Four reasons to understand why the mortgage process in the U.S. stopped being a growth engine
The out-of-tune orchestra that slows down banks
If we were to illustrate how the mortgage sector works today, it’d be like
trying to conduct an orchestra where each musician has a different score.
To close a single loan, an entity can use up to 25 different applications. The
result is a cacophony of data and a completely dissonant and distorted
digital experience.
Loan origination systems (LOS) are often antiquated instruments that
sabotage productivity. Added to this are improvised solutions and hastily
assembled systems that fail to tune in with each other, making information
consolidation almost impossible.
This technological fragmentation forces people to plug holes in the system.
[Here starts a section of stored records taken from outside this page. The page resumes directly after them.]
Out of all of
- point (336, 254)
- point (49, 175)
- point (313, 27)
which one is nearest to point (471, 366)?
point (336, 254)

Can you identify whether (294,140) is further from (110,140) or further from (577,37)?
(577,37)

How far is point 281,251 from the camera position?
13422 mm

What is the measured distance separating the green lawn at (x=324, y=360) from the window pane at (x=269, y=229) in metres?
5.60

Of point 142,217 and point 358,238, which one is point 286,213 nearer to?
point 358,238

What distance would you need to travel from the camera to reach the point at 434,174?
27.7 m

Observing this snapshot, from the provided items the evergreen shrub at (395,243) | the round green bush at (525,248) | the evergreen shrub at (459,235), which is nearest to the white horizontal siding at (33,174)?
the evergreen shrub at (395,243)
Basic tasks like manual data entry, which could be automated, consume
an enormous amount of resources. We have encountered companies in
the sector that spend more than USD$500,000 a year just on staff
dedicated to this task.
This scenario has a direct consequence: a loan closing rate that barely
reaches between 60% and 61%. That is, almost half of the applications that
enter the system consume time and effort, even though many of them
should never have reached a risk assessor. This not only increases
operational costs but also generates widespread frustration for both
employees and customers.
The invisible walls that prevent change
If the problem is so evident, why don't organizations solve it? The answer
lies in barriers that are often unseen but prevent true transformation.
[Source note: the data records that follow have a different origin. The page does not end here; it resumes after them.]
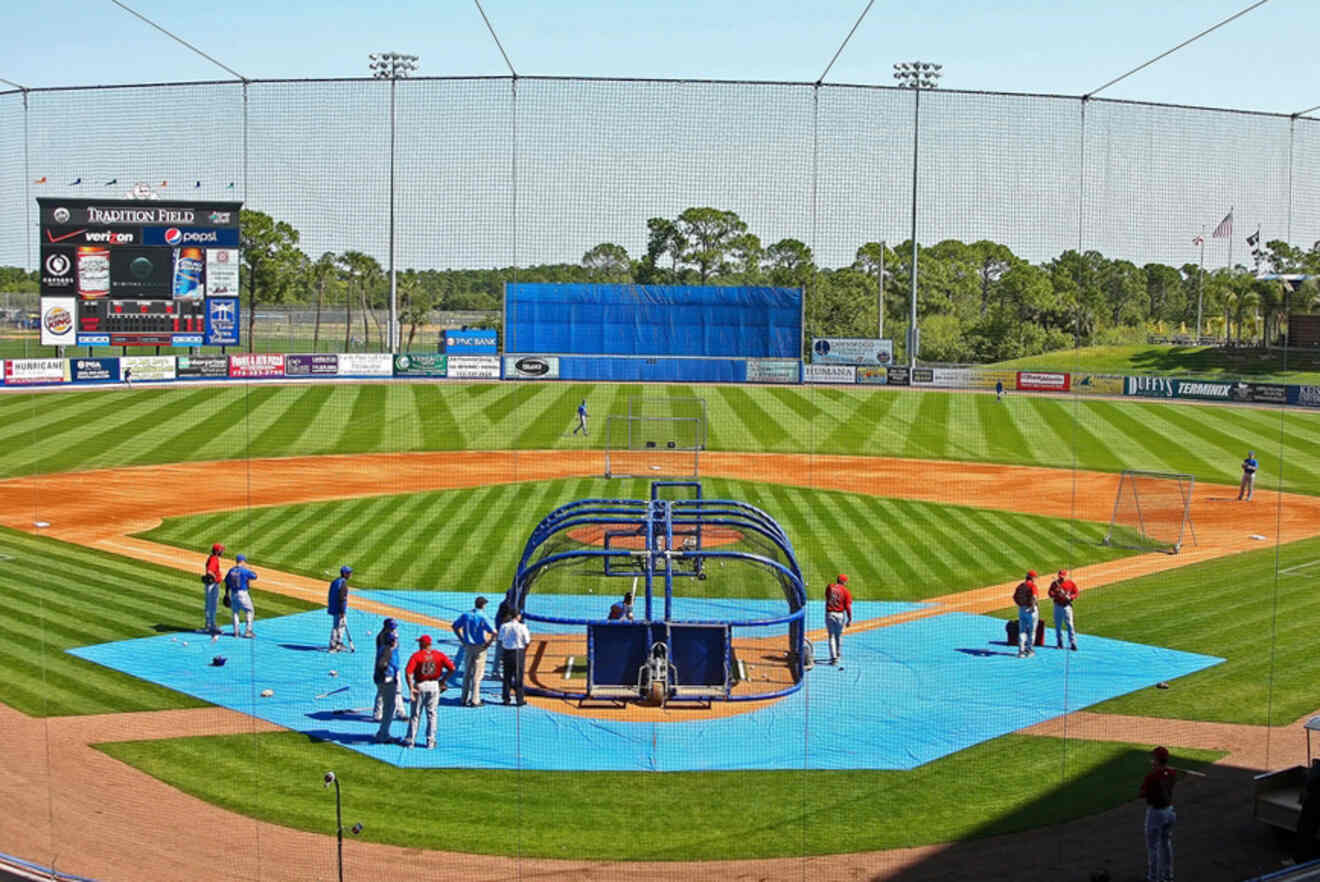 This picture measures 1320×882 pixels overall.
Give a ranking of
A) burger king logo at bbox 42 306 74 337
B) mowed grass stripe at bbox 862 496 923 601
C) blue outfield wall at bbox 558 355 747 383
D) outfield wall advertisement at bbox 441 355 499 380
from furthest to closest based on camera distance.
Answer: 1. outfield wall advertisement at bbox 441 355 499 380
2. blue outfield wall at bbox 558 355 747 383
3. burger king logo at bbox 42 306 74 337
4. mowed grass stripe at bbox 862 496 923 601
On the one hand, there is vendor lock-in. Replacing the core system of a
financial institution is like trying to change the foundations of a skyscraper
while people are still working in it. These platforms are deeply embedded in
accounting, customer service, and reporting systems, so the idea of
changing them paralyzes anyone.
As a result, many companies are chained to their current providers and are
forced to adapt SaaS software in ways that accumulate enormous
technical debt, making any future changes even more complex and costly.
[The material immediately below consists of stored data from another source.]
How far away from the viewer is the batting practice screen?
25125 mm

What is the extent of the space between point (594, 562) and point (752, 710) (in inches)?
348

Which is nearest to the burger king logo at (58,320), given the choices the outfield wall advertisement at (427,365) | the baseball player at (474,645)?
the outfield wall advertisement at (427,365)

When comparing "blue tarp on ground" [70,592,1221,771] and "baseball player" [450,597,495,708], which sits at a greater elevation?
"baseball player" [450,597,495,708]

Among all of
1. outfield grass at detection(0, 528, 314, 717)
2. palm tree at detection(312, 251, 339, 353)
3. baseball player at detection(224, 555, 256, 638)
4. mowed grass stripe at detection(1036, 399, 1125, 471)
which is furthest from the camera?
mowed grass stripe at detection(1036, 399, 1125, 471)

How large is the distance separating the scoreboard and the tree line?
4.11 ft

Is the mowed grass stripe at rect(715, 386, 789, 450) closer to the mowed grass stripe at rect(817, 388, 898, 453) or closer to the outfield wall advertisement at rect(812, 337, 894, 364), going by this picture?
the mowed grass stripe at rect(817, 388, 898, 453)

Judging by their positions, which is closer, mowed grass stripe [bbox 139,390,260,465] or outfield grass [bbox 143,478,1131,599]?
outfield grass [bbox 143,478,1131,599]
On the other hand, the U.S. mortgage sector seems to live in a vicious cycle.
When the market is down, there is no capital to invest in technology. But
when it is up, there is no time because everyone is busy processing
applications. This cycle leads to technological stagnation where no one
dares to make the first move.
The tangled thread: from frustrated employee to dissatisfied
customer
The impact of this broken system goes beyond financial statements. It's like
a thread that gets more and more tangled, directly affecting people's lives
and sweeping away their dreams and goals.
For the borrower, the process is full of confusion, delays, and a complete
lack of visibility into the status of their application. For employees, the daily
struggle is against archaic systems that generate stress and prevent them
from focusing on tasks that truly add value.
Furthermore, the lack of a standardized process for receiving documents
from brokers results in inconsistent and often incomplete information,
adding more knots to an already tense thread.
The regulatory labyrinth we cannot ignore
And that's not all. The lack of standardization and control exposes entities
to a true regulatory labyrinth. A deficient process can lead to multimillion
dollar fines. We all know that.
To operate, institutions must comply with certifications such as SOC 1, SOC
2, and ISO, in addition to the strict Qualified Mortgage (QM) standards of
Fannie Mae and Freddie Mac. In this context, inefficiency is not just bad
business, but a latent legal risk around every corner of the labyrinth.
It's time to draw a new map
The mortgage origination process does not have to be a source of pain.
The barriers that today seem insurmountable are, in reality, an opportunity
to rethink the system from scratch and position it as a benchmark for
innovation and trust.
At Pragma, we understand that the solution is not to add another out-of
tune instrument to the orchestra, but to design a cohesive technological
solution that focuses on efficiency and the human experience. We have
accompanied various financial entities on their path out of stagnation,
complying with market regulations and fine-tuning their operations to
generate value.
Transforming this scenario is not a simple operational optimization; it is
about restoring to the average American the excitement and certainty
they deserve when taking one of the most important steps in their life. It is
an opportunity for banking to be not just a participant, but the conductor of
an orchestra of change that strengthens trust and growth in the United
States.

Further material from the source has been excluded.